Tom MacWright

tom@macwright.com

Quick thoughts: on the introduction of technology

I watched the AlphaGo documentary yesterday and it brought to mind this passage from Atomic Awakening, a book about atomic weaponry, power, and science.

And so transpired the birth of the Atomic Age, at 5:29:45 in the New Mexican desert. It would be an interesting time to be alive, as the coming decades would be a hectic period, filled to capacity with new discoveries, new hardware, new physics, and a lot of funding. Nuclear power had been born backwards. Instead of looking down a long tunnel at the lamp of knowledge in the distance, there was a blinding flash, right at the entrance, after only a few years of intense theoretical speculation. As they say in nuclear engineering circles, if the first use of gasoline had been to make napalm, we’d all be driving electric cars now. - Atomic Awakening

This comes to mind a lot. There’s this certain aspect of technology, especially in computer science, where generality and specificity interact. We know that a chemical like gasoline has many uses, including napalm. Nuclear reactions can be a power source or a weapon. And machine learning can be a tool for cancer researchers, or an opponent in Go.
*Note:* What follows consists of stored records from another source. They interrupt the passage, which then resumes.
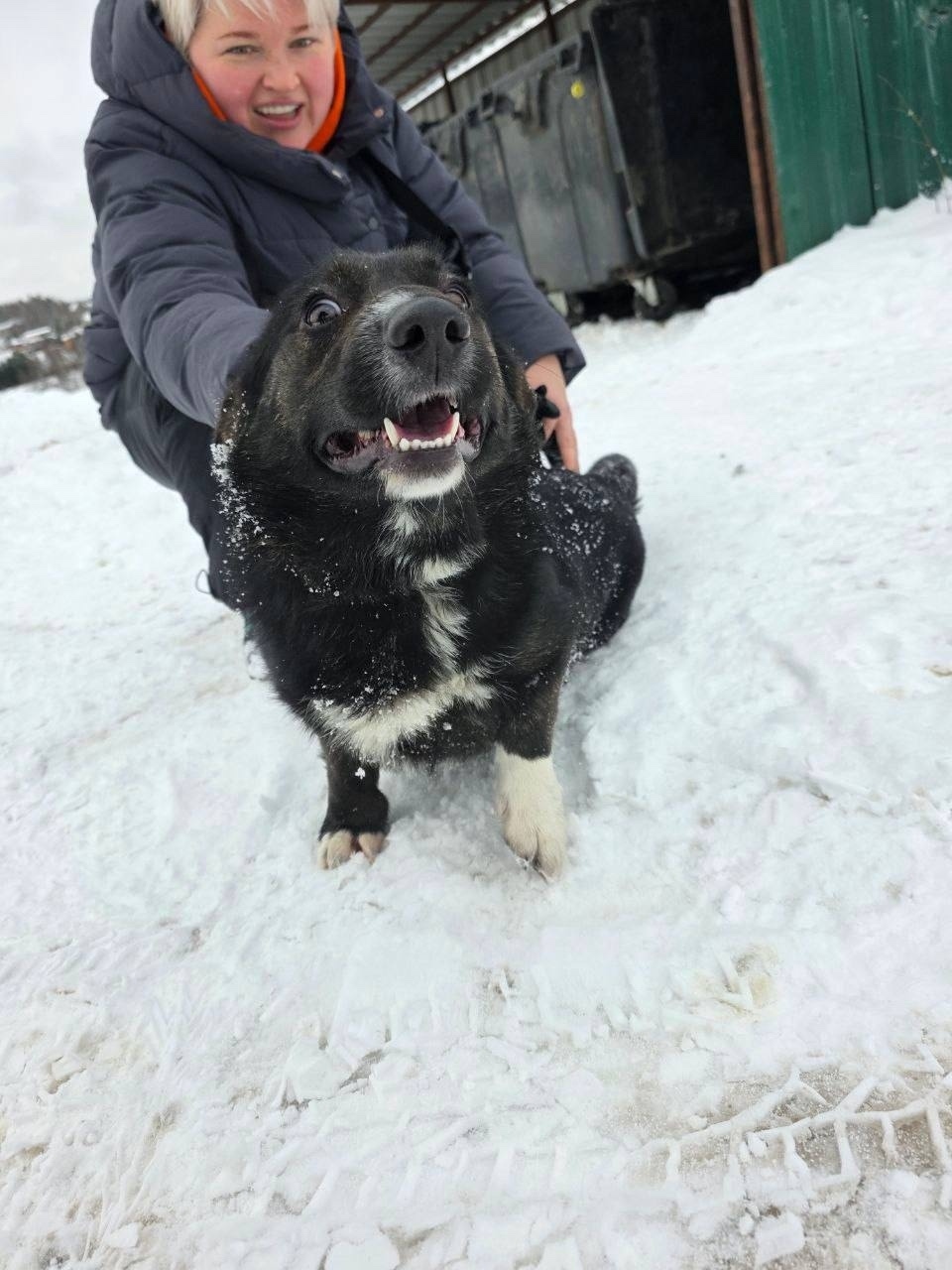 Найдена собака в Долгопрудном — фото объявления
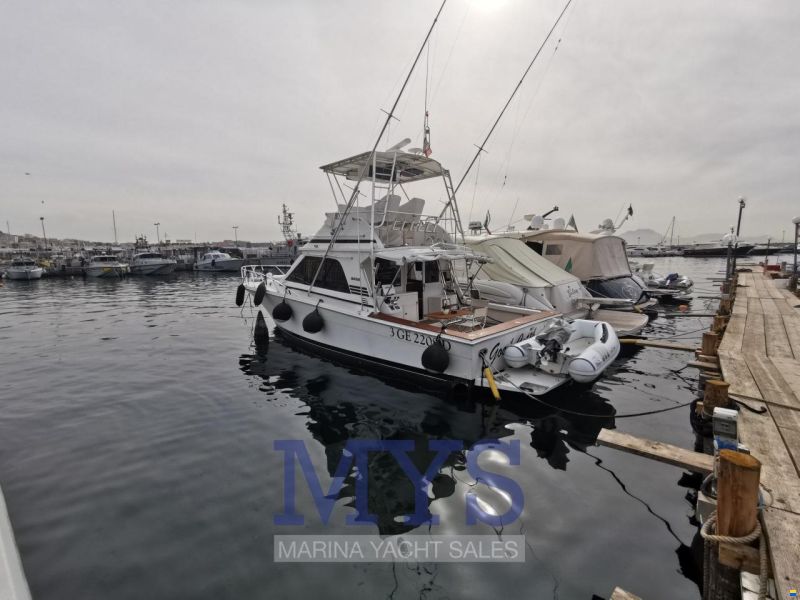 Blackfin 38 convertible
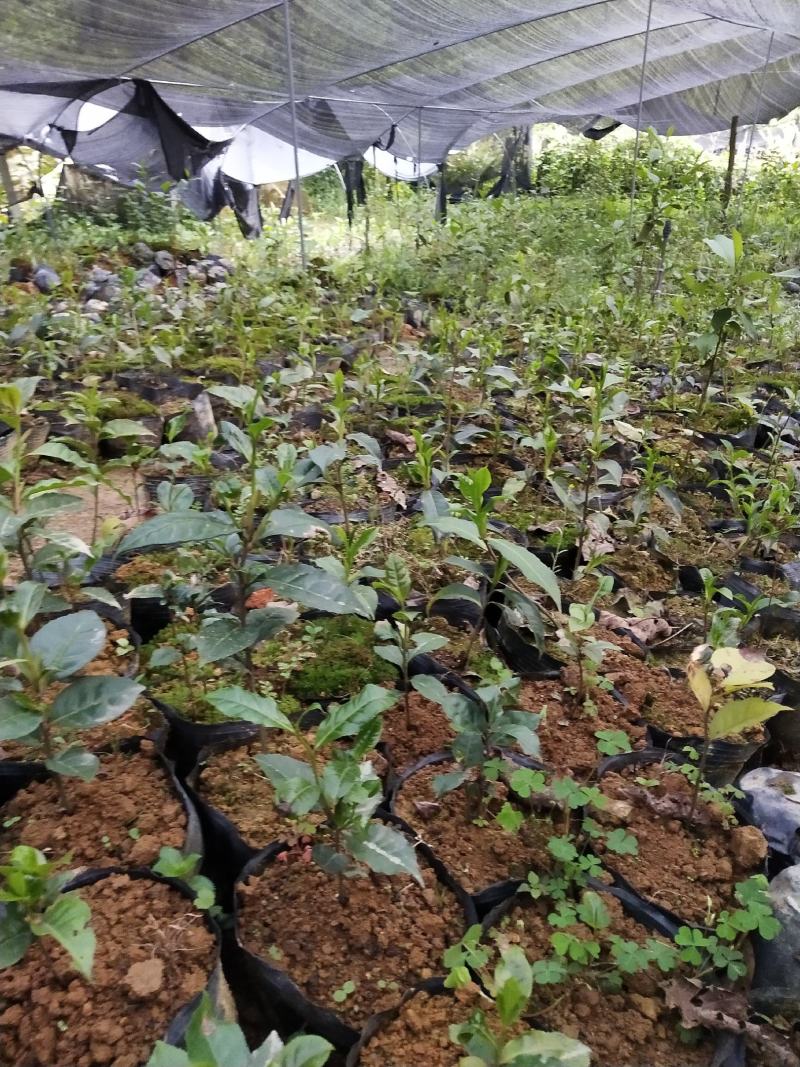 欢迎采购云南德宏盈江野生滇红茶种苗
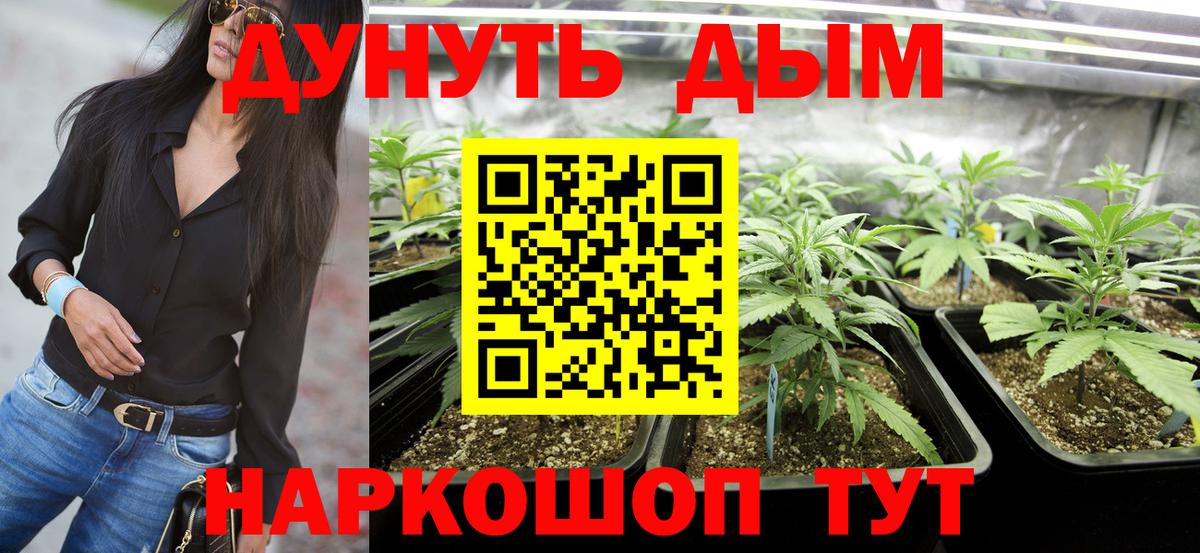 Шишки марихуана планчик  Конопля конопля  Вход с VPN  Ирбит 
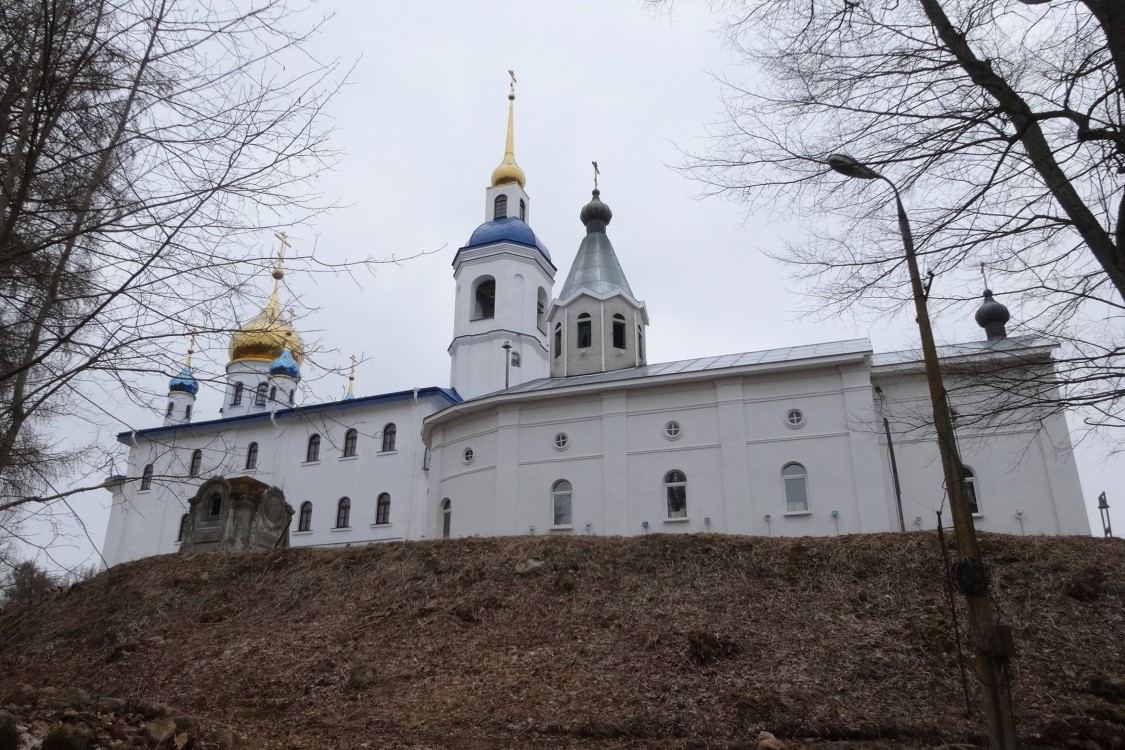 Череменец. Иоанно-Богословский Череменецкий мужской монастырь. общий вид в ландшафте, вид на храмы с севера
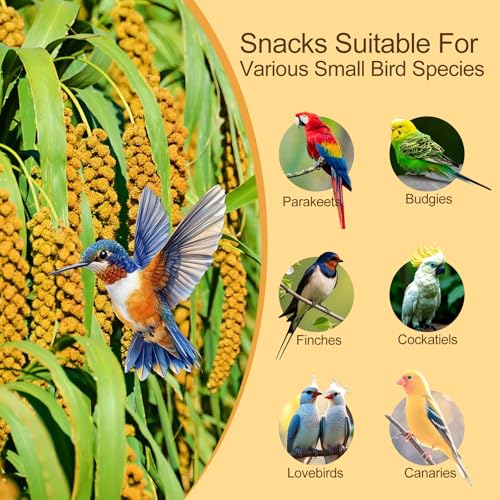 Natural Spray Millet for Birds, 400 Gram Sun-Dried Millet Bird Treat - Food for Parakeets, Parrots, Cockatiels, Lovebirds, Finches, Canaries - Image 6
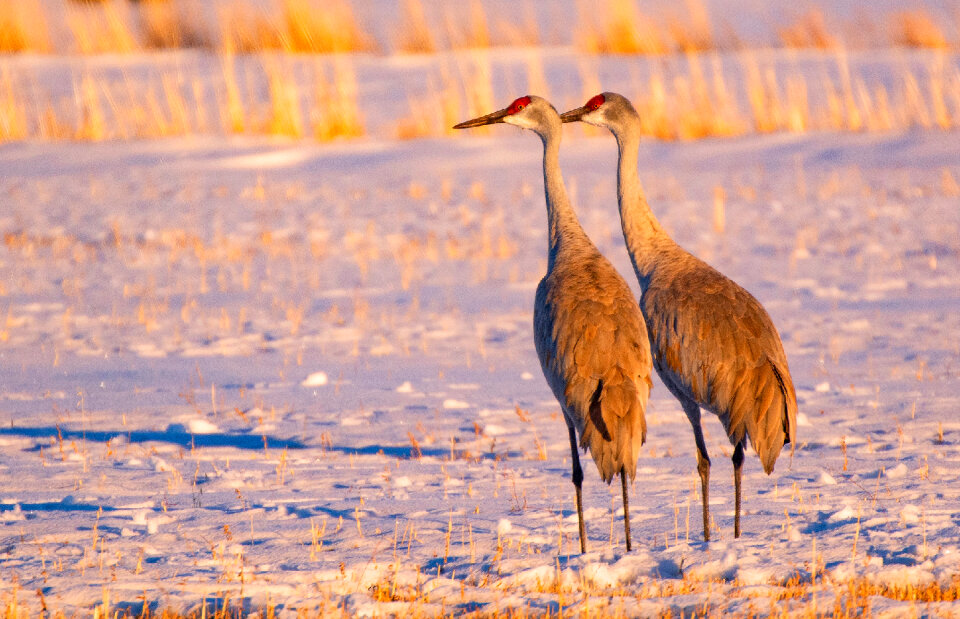 Sandhill Crane Pair in Snow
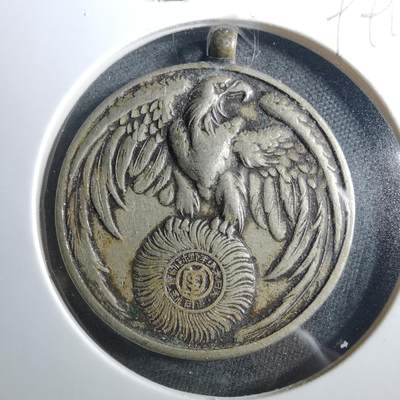 沼泽如烟--第899场 - 少年野球纪念章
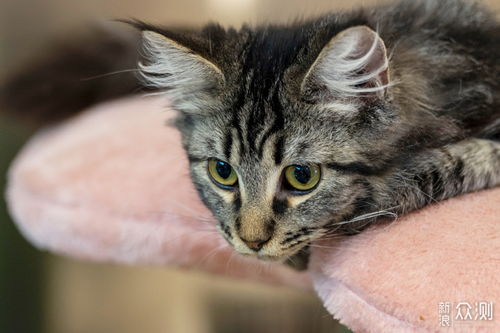 新手怎么遛宠物猫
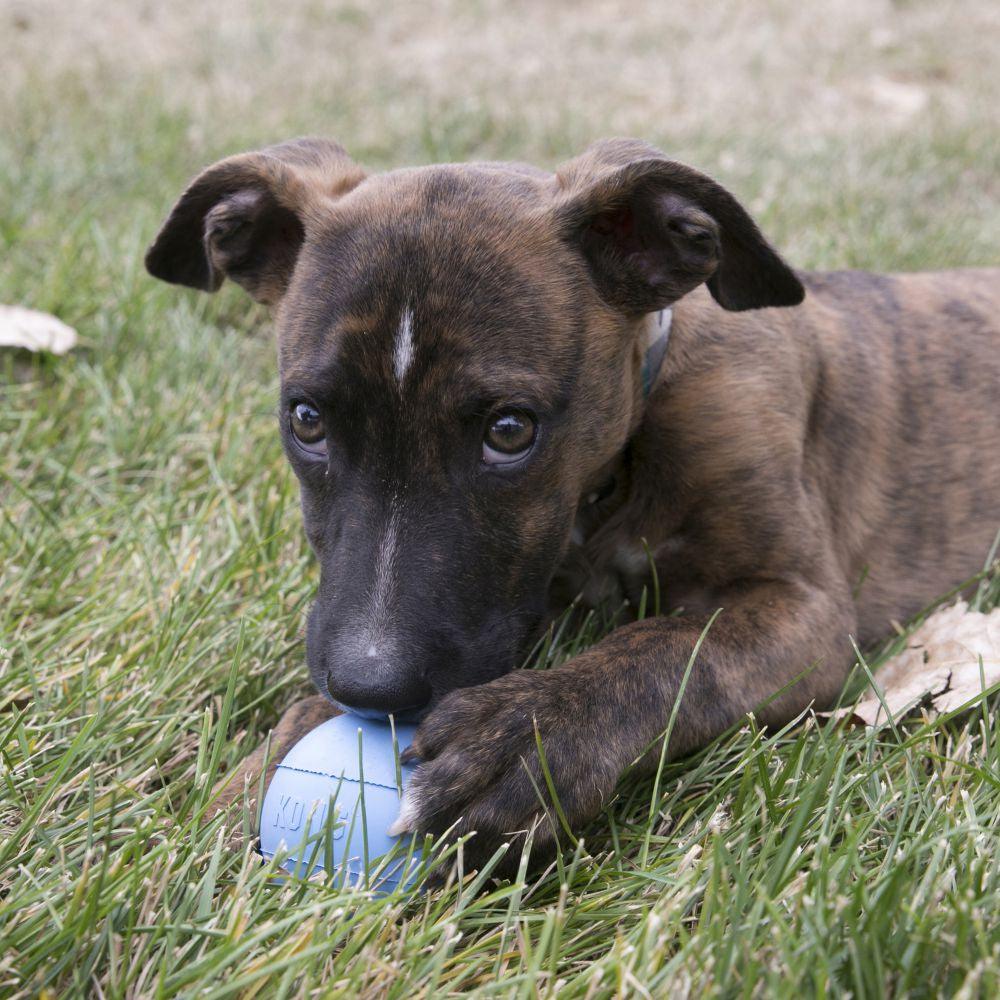 KONG Puppy Ball - Pets Villa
What if Bitcoin’s initial users were teachers accepting donations for classroom supplies, instead of nerds and criminals? How does Zuckerberg’s horrible VR stunt in Puerto Rico reflect the future of VR? Despite technology being general enough for many purposes, what it’s used for initially, and associated with initially, has an outsize impact on its public perception and, in many cases, future application.


I’m going to start more casual blogs again, with low production polish and so on. This could have been ‘Twitter storms’ but I’d like to narrow my Twitter scope and keep more of my content in my own domain.

The header image is from the Department of Energy’s Operation Plowshare: “Cut-away view showing an artist’s concept of the location of a number of nuclear explosives properly buried so that simultaneous detonation will excavate a ditch-like crater. c. 1966”

Thanks Kyle McDonald for mentioning the documentary and lending another interesting viewpoint.